A man jumped into a fast-flowing river because he couldn't take his wife's nagging anymore.

The Chinese truck driver, known as Zhou, and his wife were on a ferry on the Yangtze River when it all became too much for him, the Chongqing Evening Post reports.

Members of the ship's crew saw the man suddenly run out of his cabin with his hands covering his ears, and shouting: "I can't stand it any longer."

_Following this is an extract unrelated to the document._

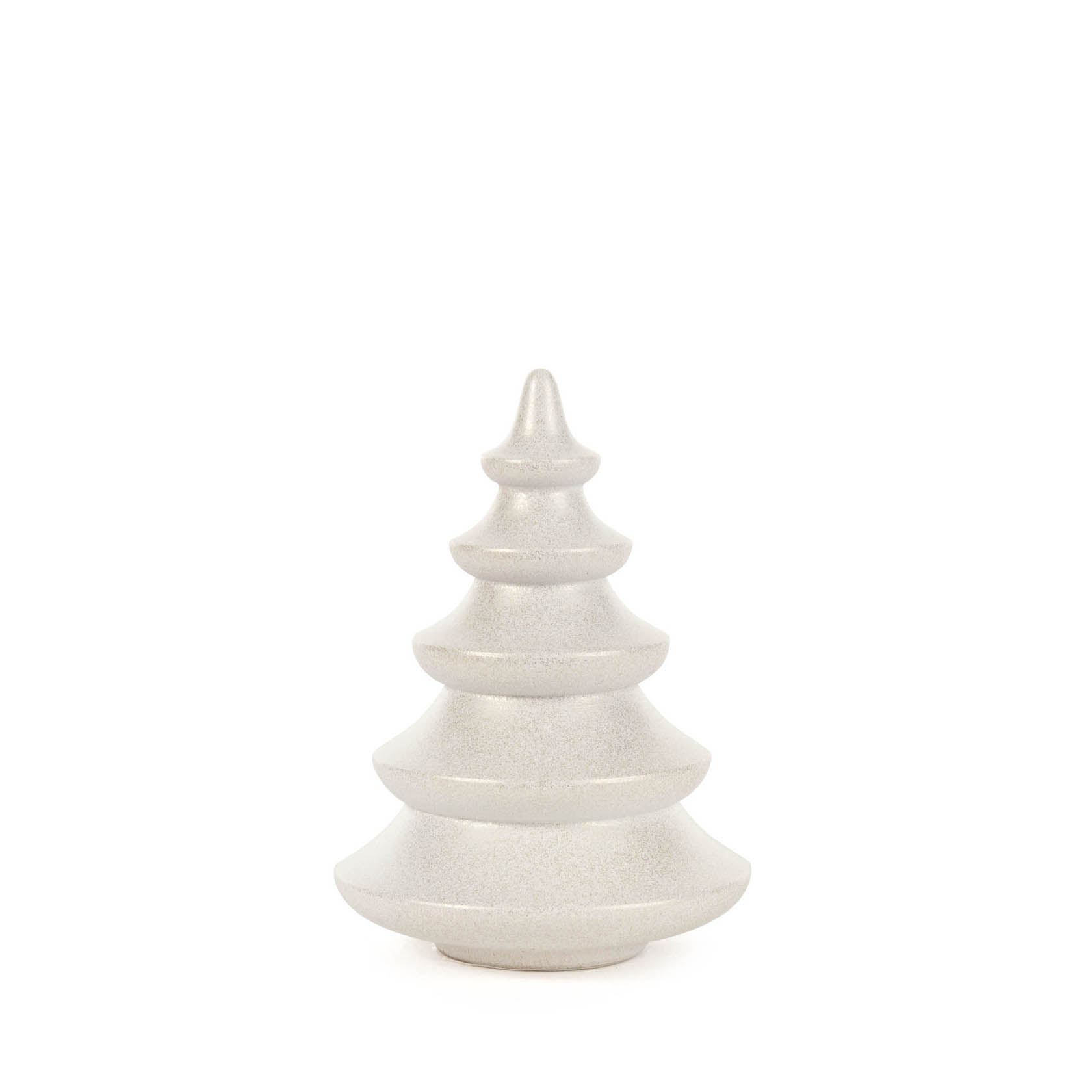 Dekoratives Ornament in Form eines Baums, weiß-gold schimmernd, etwa 6 cm groß, geeignet als Bestückung für einen Vario-Leuchter. im Dregeno Online Shop günstig kaufen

They initially thought he was suffering from an ear injury and went to help him but found he was unhurt.

"While we were still puzzling over the this, his wife ran up and continued nagging him," said a crewmate.

"The husband covered his ears again and said: 'I need a break' before jumping over the side into the rushing river.

"We immediately found lamps to light up the water but found nobody. The possibility of survival can be zero."

However, later that night, police found the man who had managed to swim about 2km across across the broad river.

"I felt I was dying, but even that's better than my wife's nagging," he reportedly told the police.

The couple were reunited the following morning at the local police station where Zhou's wife promised to give up her habit of nagging him.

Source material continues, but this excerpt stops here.